Tropical Cyclone

In some ways tropical cyclones are similar to the low pressure systems that cause weather changes at higher latitudes in places like the United States and Europe. These systems are called extratropical cyclones and are marked with an "L" on weather maps. These weather systems are large masses of air circulating cyclonically (counterclockwise in the northern hemisphere and clockwise in the southern hemisphere). Cyclonic circulation is caused by two forces acting on the air: the pressure gradient and the Coriolis force.

In both cyclone types air rises at the center, creating a region of lower air (barometric) pressure. Since air is a fluid, it will rush in from elsewhere to fill the void left by air that is rising off the surface. The effect is the same as when a plug is pulled out of a full bathtub: water going down the drain is replaced by water rushing in from other parts of the tub. This is called the pressure gradient force because air moves from regions of high pressure to lower pressure. Pressure gradient forces are responsible for most of our day-to-day winds. As the air moves toward low pressure, the Coriolis force turns the air to the right of its straight line motion (when viewed from above). In the Southern Hemisphere the reverse is true: the Coriolis force pushes the moving air to the left. The air, formerly going straight toward a low pressure region, is forced to turn away from it. The two forces are in balance when the air circles around the low pressure zone with a constant radius creating a stable cyclone rotating counterclockwise in the northern hemisphere and clockwise in the southern hemisphere.

All large scale air movements such as hurricanes, typhoons, extratropical cyclones, and large thunderstorms tend to set up a cyclonic circulation in this manner. (Smaller scale circulations such as the vortex that forms in a bathtub drain are not cyclonic because the Coriolis force is overwhelmed by other forces. You can make a bathtub drain vortex rotate clockwise or counterclockwise simply by stirring the water the right way. The larger a system is the more likely that the Coriolis force will prevail and the rotation will be cyclonic.) The Coriolis force is a consequence of the rotation of Earth. Moving air masses, like any other physical body, tend to move in a straight line. However, we observe them moving over Earth's surface, which is rotating underneath the moving air. From our perspective the air appears to be turning even though it is actually going in a straight line, and it is we who are moving.
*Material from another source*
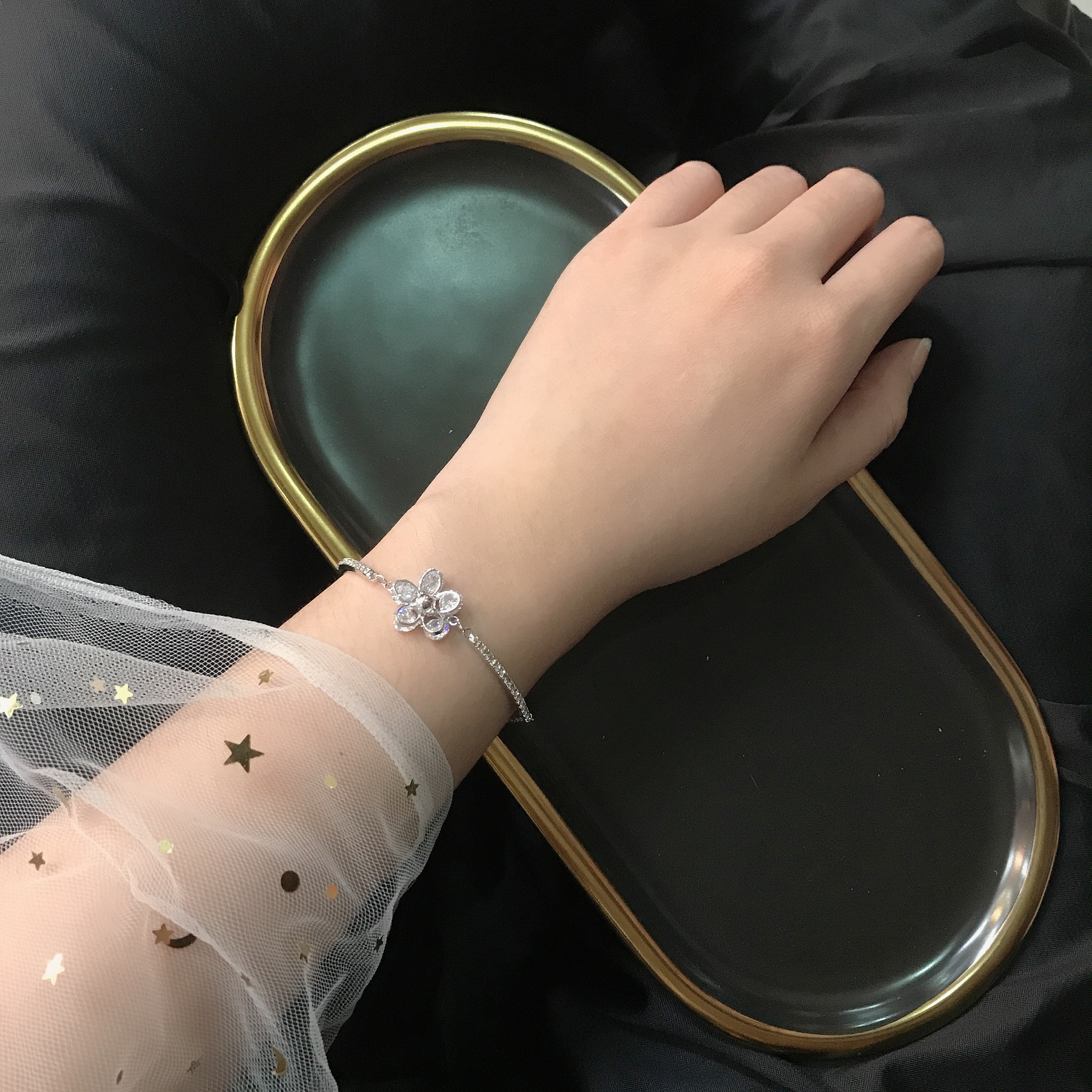 Lắc tay, vòng đeo tay nữ xi bạc kiểu bông hoa đính hột lấp lánh, siêu xinh, siêu đáng yêu - 290LTHOA-038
The Coriolis effect can be demonstrated by two people riding across from each other on a merry-go-round. If one person throws a ball straight at his friend she will rotate out of position while the ball is moving and will be unable to catch it. To the two observers the ball seemed to curve away from the catcher as if some force pushed it. Of course the ball actually went perfectly straight but the observer's rotating frame of reference made it appear that a force was at work. On the surface of the rotating Earth this apparent force—the Coriolis force—makes moving air masses curve with respect to the surface and sets up cyclonic circulation.

In both tropical and extratropical cyclones, the rising air at the cyclone center causes clouds and precipitation to form. A fully developed hurricane consists of bands of thunderstorms that grow larger and more intense as they move closer to the cyclone center. The area of strongest updrafts can be found along the inner wall of the hurricane. Inside this inner wall lies the eye, a region where air is descending. Descending air is associated with clearing skies, therefore, in the eye the torrential rain of the hurricane ends, the skies clear, and winds drop to nearly calm. If you are in the eye of a hurricane the eye wall clouds appear as just that: towering vertical walls of thunderstorm clouds, stretching up to 7.5 mi (12 km) in height, and usually completely surrounding the eye. Hurricanes and other tropical cyclones move at the speed of the prevailing winds, typically 10-20 MPH (16-32 km/h) in the tropics. A hurricane eye passes over an observer in less than an hour, replaced by the high winds and heavy rain of the intense inner thunderstorms.